In the previous two posts, the issue of fact databases and state merging are explored. State merging shows that the design of the dynamic programming post can be optimized significantly. Additionally, no merging logic need be implemented. One thing not built out here is that merging has a lifecycle that can reuse the below events as well.

Algorithm

Data can be managed locally and globally. Merge events are global. Any time a local queue is empty (more on this later) a merge event is emitted and a DB is written. Later, a worker picks this merge up as a chunk of work and writes a new DB out. This eliminates one DB as it deletes two DBs when it does this.
Data can be marked public or private, and registries can specify batch size, number of batches, and timeout for how much to read off of the global queue before writing a merge event.
Local queues manage DBs as well
There are several methods to implement for data:
1. abort_categorically - abort this event as there are no friends to act upon. This is different from get_friends which happens after friends are loaded. This is intended only to count friends.
2. get_data - get the data to act on the event. This could be from an ECS, a hashmap, a database, a queue, etc.
3. abort_data - abort the event because the data isn’t interesting
4. get_friends - get the friends of the data. Any data needed by the primary data to make an insight in the context of the event being handled
5. abort_friends - abort because friends are not interesting
6. search - use data and its friends to find new data
7. save - save found items locally
8. write - save all found results to a database
9. public - whether this event will be written to the public or private queue
10. priority - where on the queue this event should go. Ideally the order is such that recursion depth is lowest it can be, or aborts are maximized (these are likely the same. In pyolyvinyl-acetate order is currently by what grows the DB the slowest.

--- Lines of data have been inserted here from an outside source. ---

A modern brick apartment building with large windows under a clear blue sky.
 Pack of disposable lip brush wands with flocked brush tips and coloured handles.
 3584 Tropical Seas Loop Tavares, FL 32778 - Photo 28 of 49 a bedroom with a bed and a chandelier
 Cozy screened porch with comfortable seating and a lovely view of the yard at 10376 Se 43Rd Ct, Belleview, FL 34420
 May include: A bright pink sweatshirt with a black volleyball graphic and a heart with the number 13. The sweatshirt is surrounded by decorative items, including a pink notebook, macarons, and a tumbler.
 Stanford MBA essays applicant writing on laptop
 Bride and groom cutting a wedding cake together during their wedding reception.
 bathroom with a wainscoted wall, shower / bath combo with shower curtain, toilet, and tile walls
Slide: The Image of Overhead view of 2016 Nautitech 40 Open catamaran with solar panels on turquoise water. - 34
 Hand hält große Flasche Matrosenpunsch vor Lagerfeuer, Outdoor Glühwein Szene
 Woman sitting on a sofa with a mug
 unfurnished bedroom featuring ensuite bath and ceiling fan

This is misguided and based upon assumptions of non-merging and non-skipping.)
The handler that holds the different data implementors will also have a few properties:
1. batch_size - how many public events are read from the queue at a time
2. batch count - how many batches of events should be read from the queue before sending a merge event
3. timeout - how long to wait for events on the public queue before accepting a partial batch or skipping a batch
The library should also enable easy benchmarking
1. example_hit - data and friends that produce a “found” event
2. example_miss - data and friends that don’t result in anything
3. example_near_miss - data and friends that almost result in something
There should also be handlers for the web interface
1. count_api - how to get the count out of the DB
2. insert_api - how to insert one of these types into the DB to create an initial event

Conclusion

With all of this together it should be trivial to build a scaled system. The only remaining tricky bit is doing the operations necessary to take the three essential functions (managing the queue, responding to work, and monitoring the work) and scaling them into production. polyvinyl-acetate manages this through kubernetes, but it seems like a potential overreach to try to build this sort of thing into the proposed library.